TORONTO, Dec 11 (Reuters) - Toronto-Dominion Bank (TD.TO), one of four lenders to the consortium that had planned to buy telecoms company BCE Inc (BCE.TO), will get a future income lift because of the deal’s failure, TD Bank Chief Financial Officer Colleen Johnston said on Thursday.
Accounting rules prompted TD to set aside reserves to reflect the fair value of its debt commitment after the deal was announced 18 months ago, she told an investor conference on Thursday.
“We were required to mark-to-market our commitment on that lending exposure and we have been steadily taking reserves on that position since the third quarter of 2007,” Johnston said at the Goldman Sachs financial services conference in New York.
“We do have a (BCE) reserve that will come back into income. We’re not disclosing the size of that reserve, but that will be positive in terms of our P&L,” she said, referring to the profit and loss statement.
Montreal-based BCE, Canada’s biggest telecoms company, struck an agreement to be bought by Ontario Teachers’ Pension Plan and three U.S.-based private equity partners about a year and a half ago.
The C$34.8 billion ($28.3 billion) deal, which would have been the world’s largest leveraged buyout, was derailed when accountants concluded that the new company would fail a key solvency test because of its huge debt load.

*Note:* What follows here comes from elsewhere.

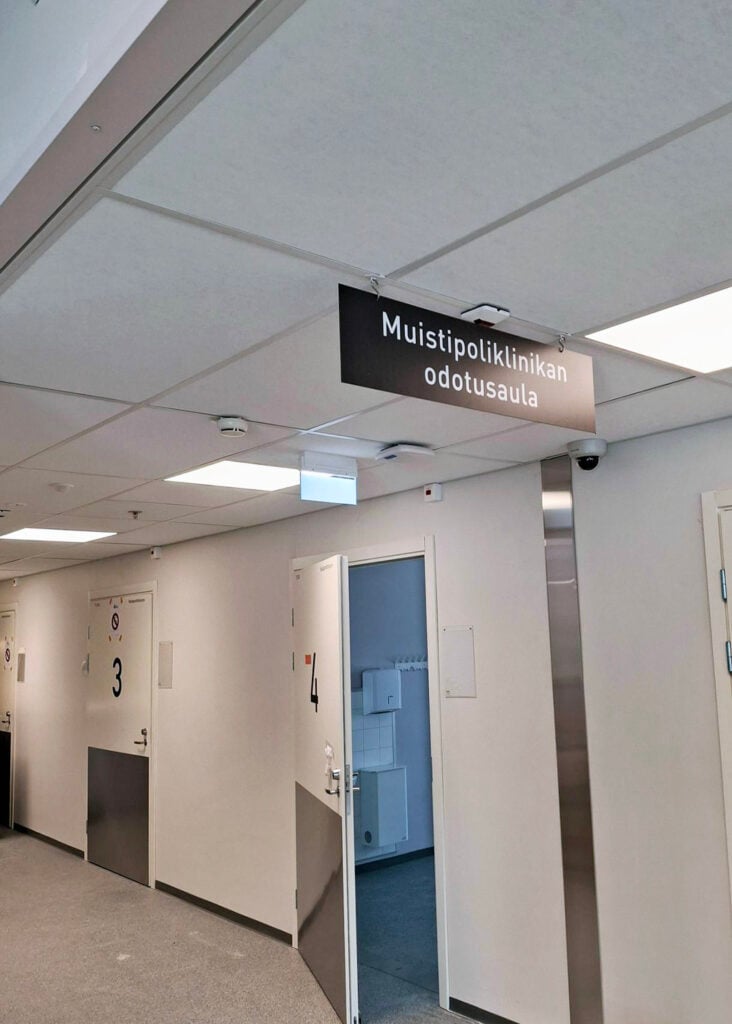 Vaalea käytävä, jossa yksi ovi osittain avoinna, muut kaksi ovea ovat kiinni. Käytävän yllä roikkuu kyltti, jossa lukee Muistipoliklinikka odotusaula.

Johnston said that TD Bank’s Tier 1 capital ratio, which currently stands at 9.1 percent, will improve by 15 basis points because of changes to the bank’s risk-weighted assets as a result of the BCE sale falling through.
TD’s Tier 1 ratio should rise in the coming year along with retained earnings, she also said.
Some analysts have speculated that TD -- fresh from a C$1.4 billion common share offering -- might have to raise more capital, as its Tier 1 ratio is now at the low end of the range for Canadian banks, and investors are demanding higher cushions these days because of the global financial crisis.
But Johnston said the existing Tier 1 ratio “makes perfect sense” and TD’s high percentage of earnings from retail banking provides “a very solid anchor.”
“I do expect that we’ll continue to grow that ratio over the course of the year ... based on where we see earnings going and growth in retained earnings over that period,” she said.